You'll see what I mean with an example (using the "diamonds" default dataframe):
I'm printing three itmes: the density plot itself, a vertical line showing the median price of each cut, and a text label with that value. But, as you can see, the median prices overlap on the "y" axis (this aesthetic is mandatory in the geom_text() function).
Is there any way to dynamically assign a "y" value to each median price, so as to print them at different heights? For example, at the maximum density value of each "cut".
So far I've got this
# input dataframe
dia <- diamonds
# calculate mean values of each numerical variable:
library(plyr)
dia_me <- ddply(dia, .(cut), numcolwise(median))
ggplot(dia, aes(x=price, y=..density.., color = cut, fill = cut), legend=TRUE) +
labs(title="diamond price per cut") +
geom_density(alpha = 0.2) +
geom_vline(data=dia_me, aes(xintercept=price, colour=cut),
linetype="dashed", size=0.5) +
scale_x_log10() +
geom_text(data = dia_me, aes(label = price, y=1, x=price))
(I'm assigning a constant value to the y aesthetics in the geom_text function because it's mandatory)
This might be a start (but it's not very readable due to the colors). My idea was to create an 'y'-position inside the data used to plot the lines for the medians. It's a bit arbitrary, but I wanted y-positions to be between 0.2 and 1 (to nicely fit on the plot). I did this by the sequence-command.
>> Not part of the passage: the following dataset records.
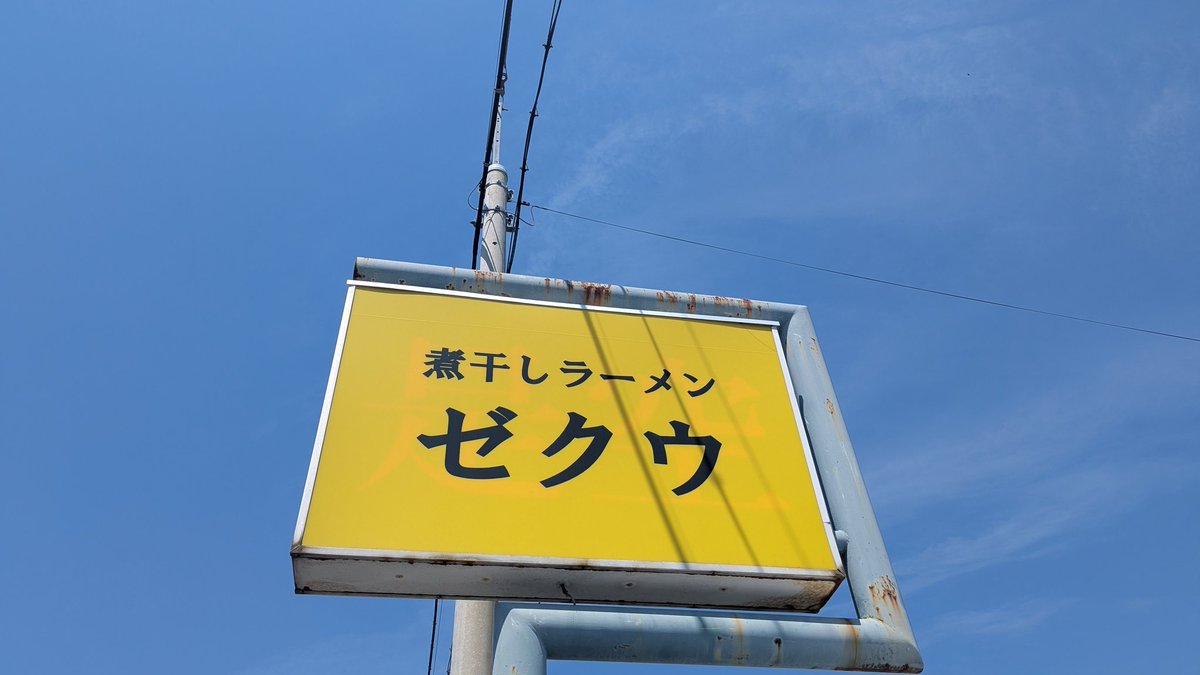 ないとん tweet media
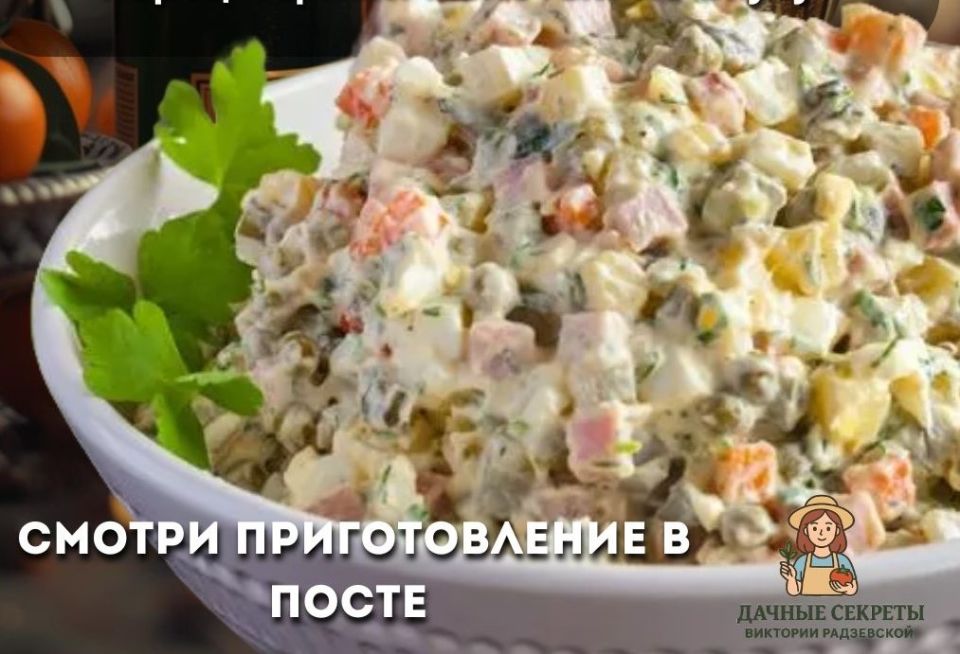 Классический оливье: Вкус советского союза на вашем столе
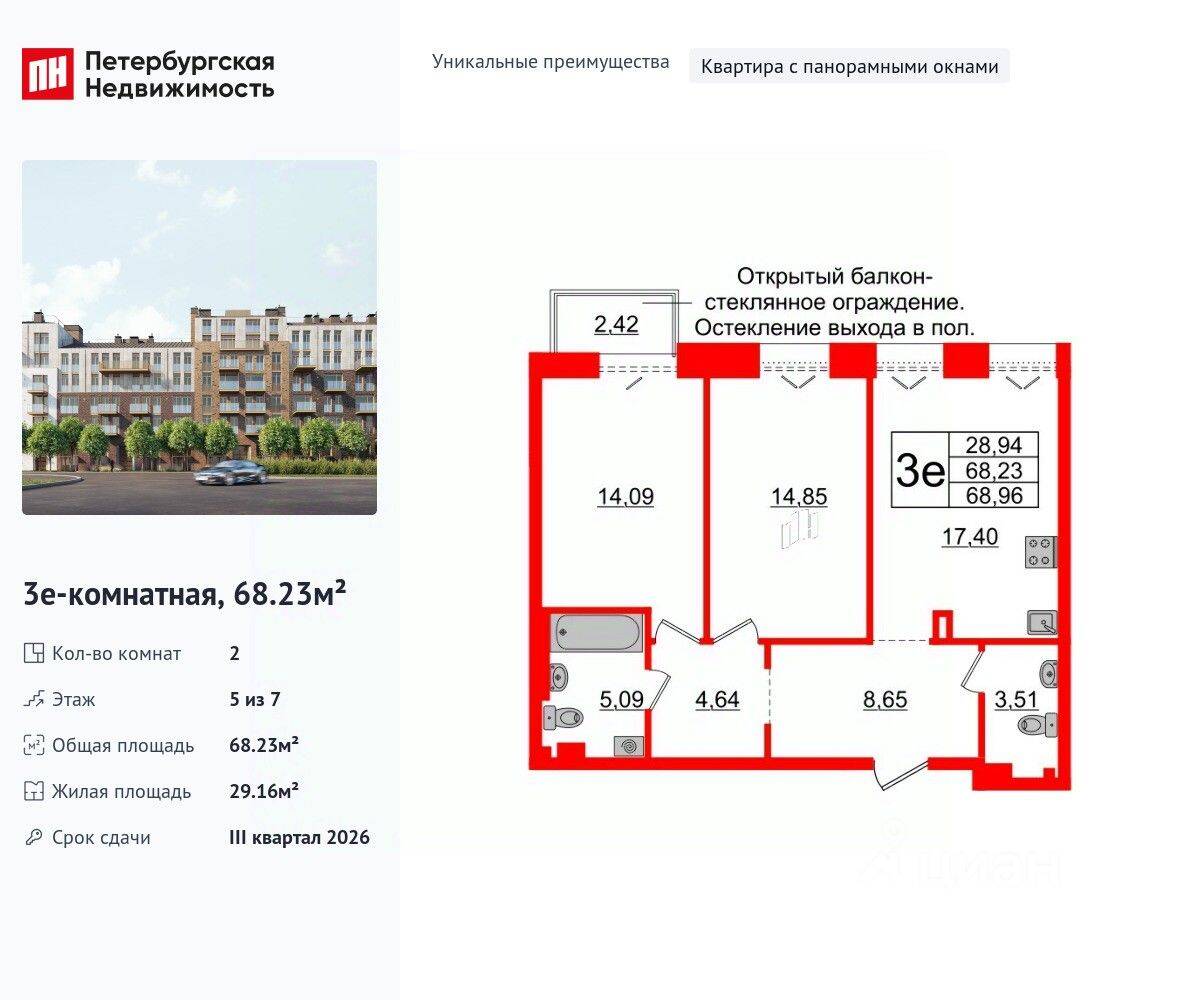 2-комн. квартира, 68,23 м², в МФК «Империал Клаб»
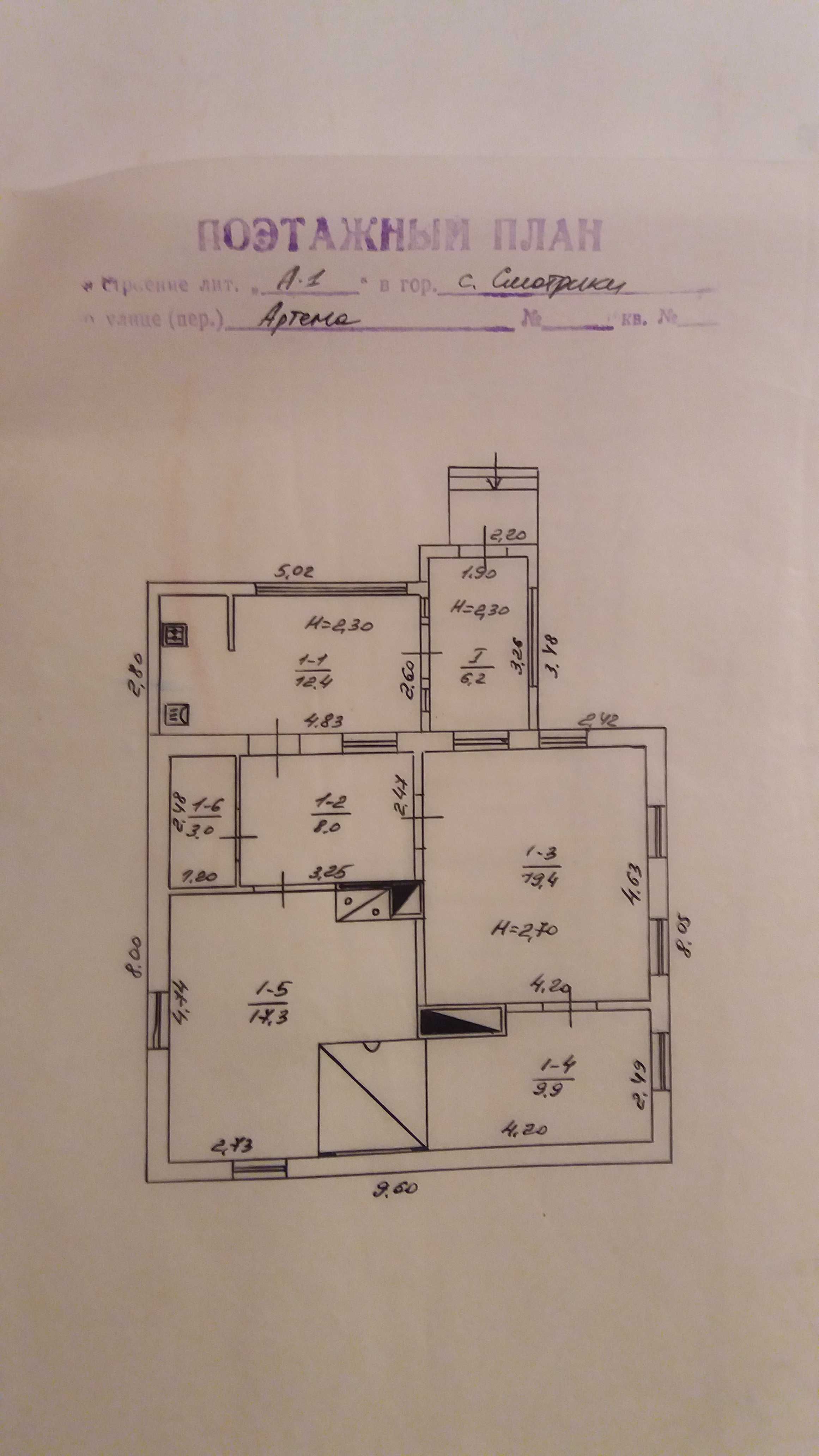 Срочно продам дом в с. Смотрики Пірятінскій р-н, Полтавская обл. 2га.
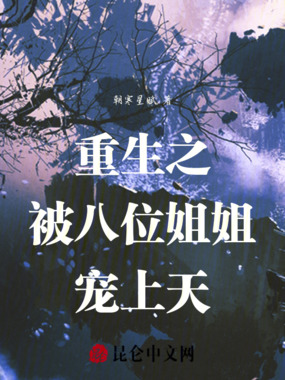 重生之被八位姐姐宠上天在线阅读
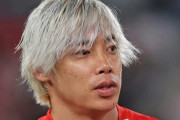 【サッカー】伊東純也不起訴　弁護士は週刊誌全体に警鐘「週刊誌は非常に強い権力を持っている」「社会的に抹殺されてしまう」
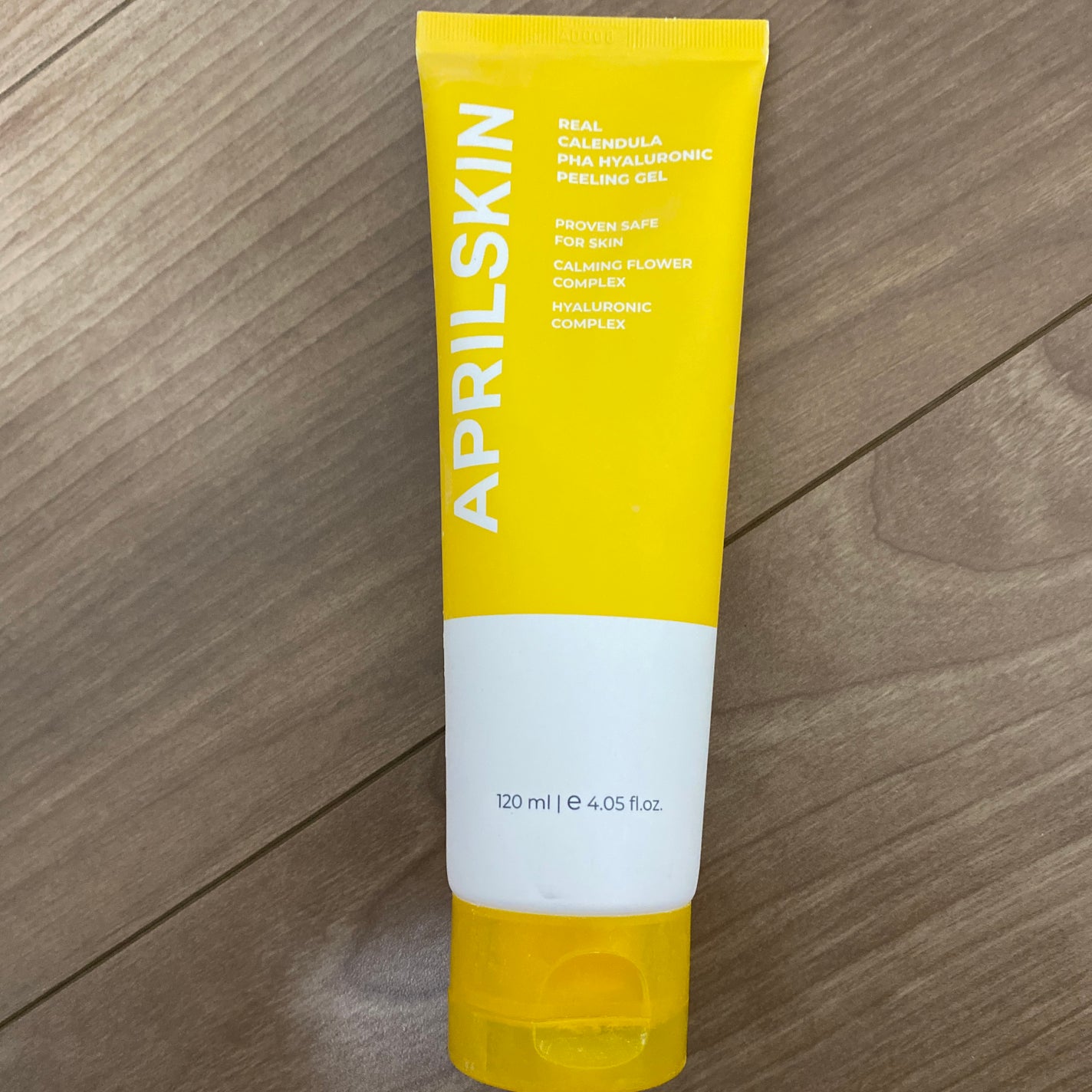 リアルカレンデュラピーリングジェル/APRILSKIN/ピーリングを使ったクチコミ(1枚目)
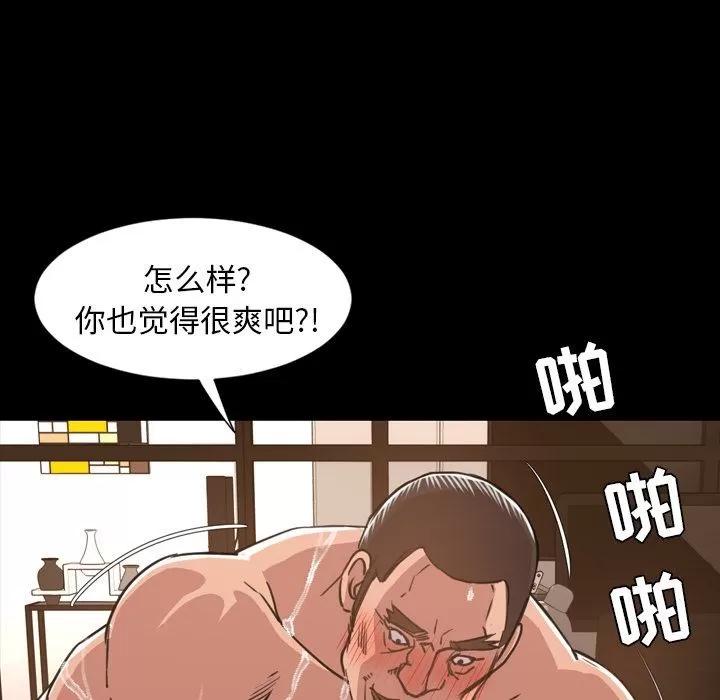 今天有空吗？ 今天有空吗？ | 第25话 第68页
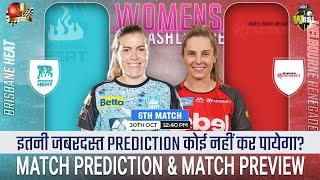 BRHW vs MLRW WBBL 2024 6th Match Prediction| Brisbane Heat Women vs Melbourne Renegades Women #bbl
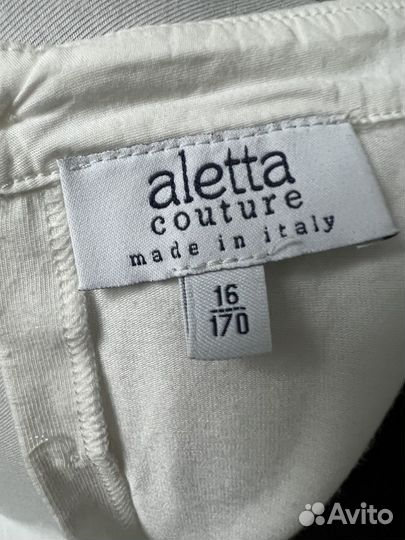 Блузка для деаочки школьная Aletta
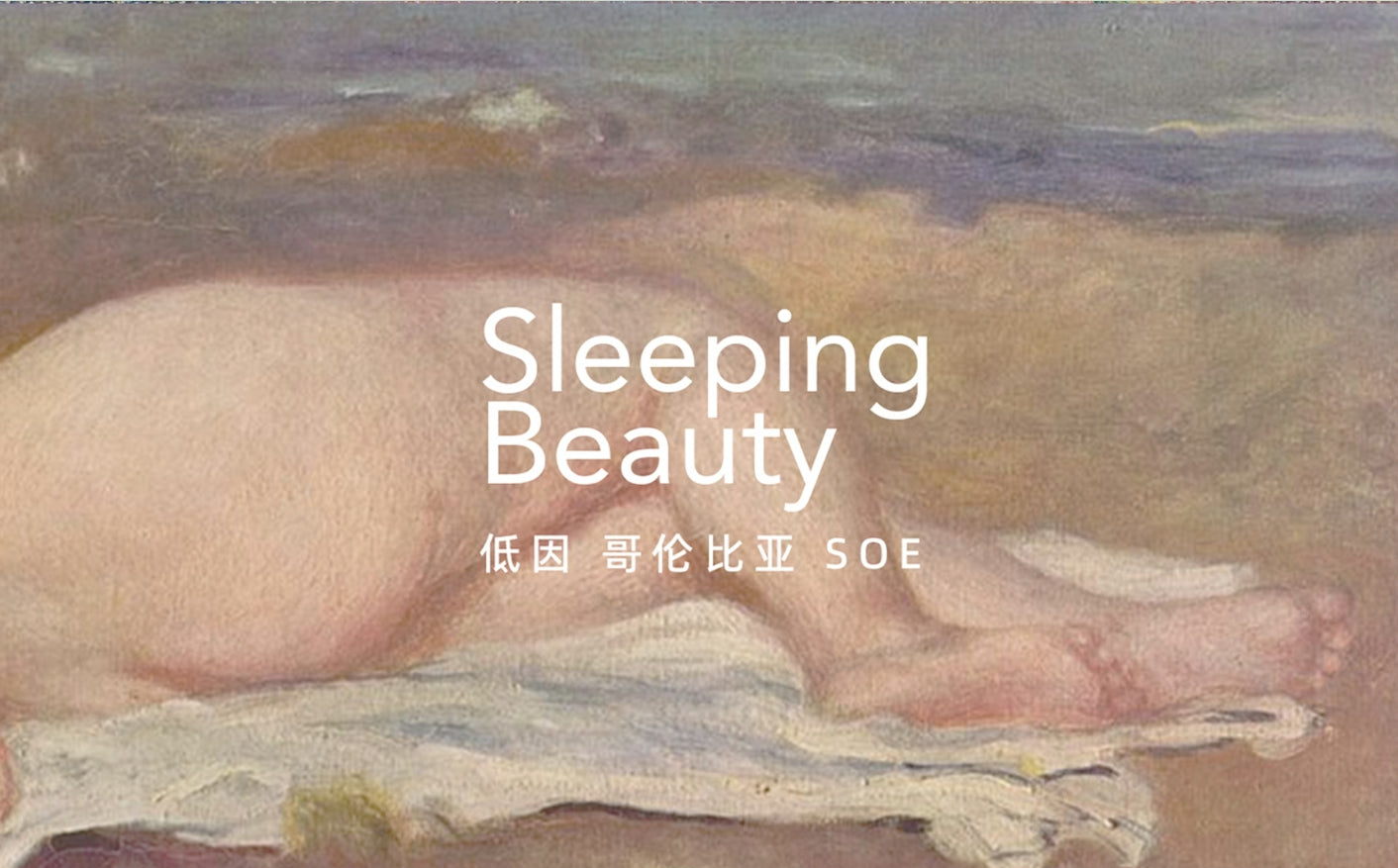 「睡美人」低因 哥伦比亚 SOE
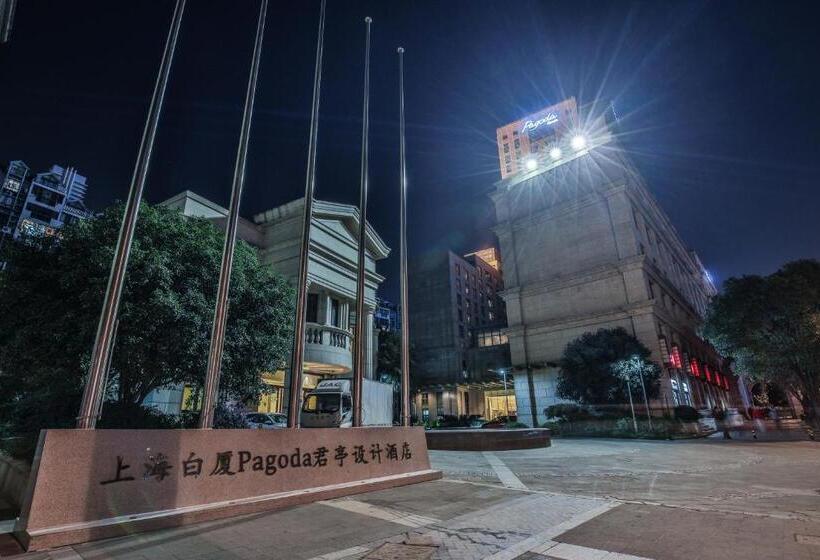 فندق Shanghai Baixia Pagoda
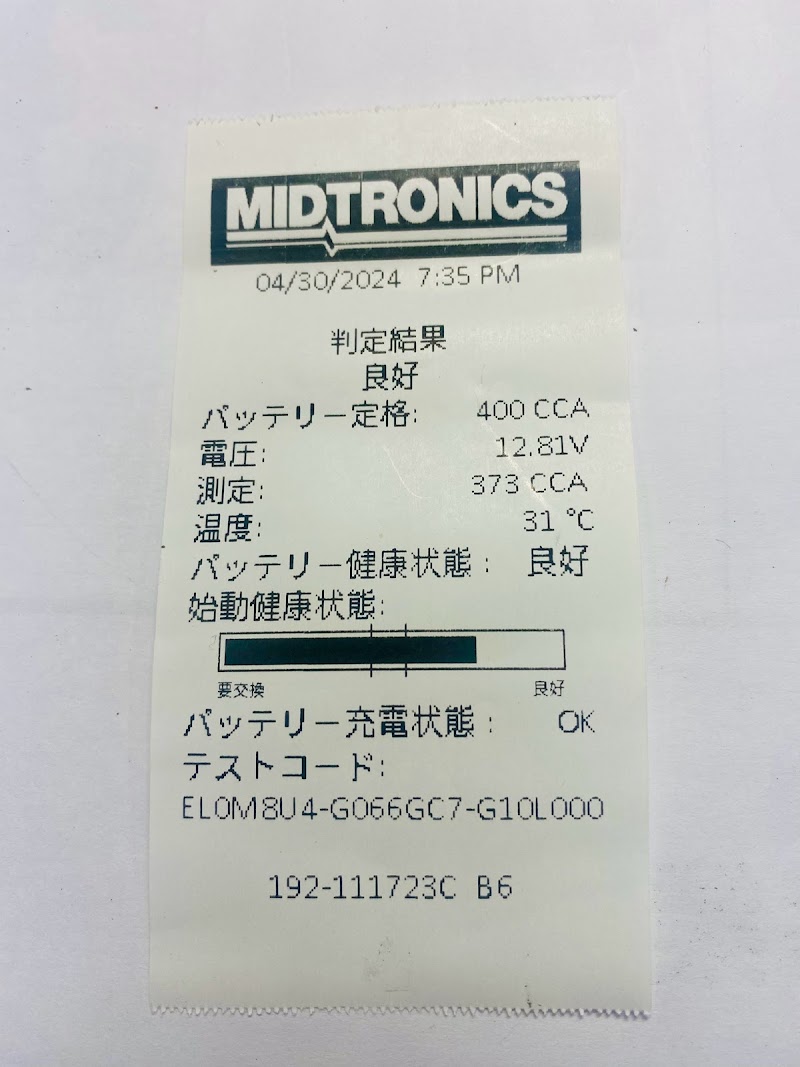 RS-チャンピオン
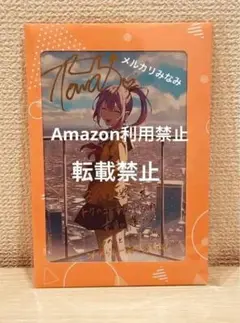常闇トワ　キャンバスボート 3点 常闇トワ活動3周年記念 – hololive production official shop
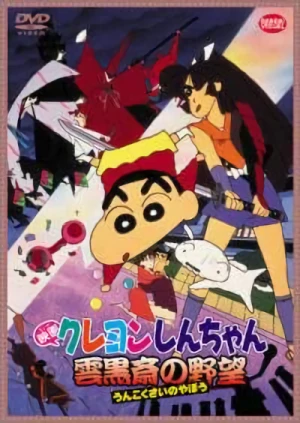 Anime: Shin Chan y la ambición de Karakaka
Then I tried to order it (didn't do a lot of good) by the median price; this is arbitrary.
#scatter y-pos over plot
dia_me$y_pos <- seq(0.2,1,length.out=nrow(dia_me))[order(dia_me$price,decreasing = T)]
ggplot(dia, aes(x=price, y=..density.., color = cut, fill = cut), legend=TRUE) +
labs(title="diamond price per cut") +
geom_density(alpha = 0.2) +
geom_vline(data=dia_me, aes(xintercept=price, colour=cut),
linetype="dashed", size=0.5) +
scale_x_log10() +
geom_text(data = dia_me, aes(label = price, y=y_pos, x=price))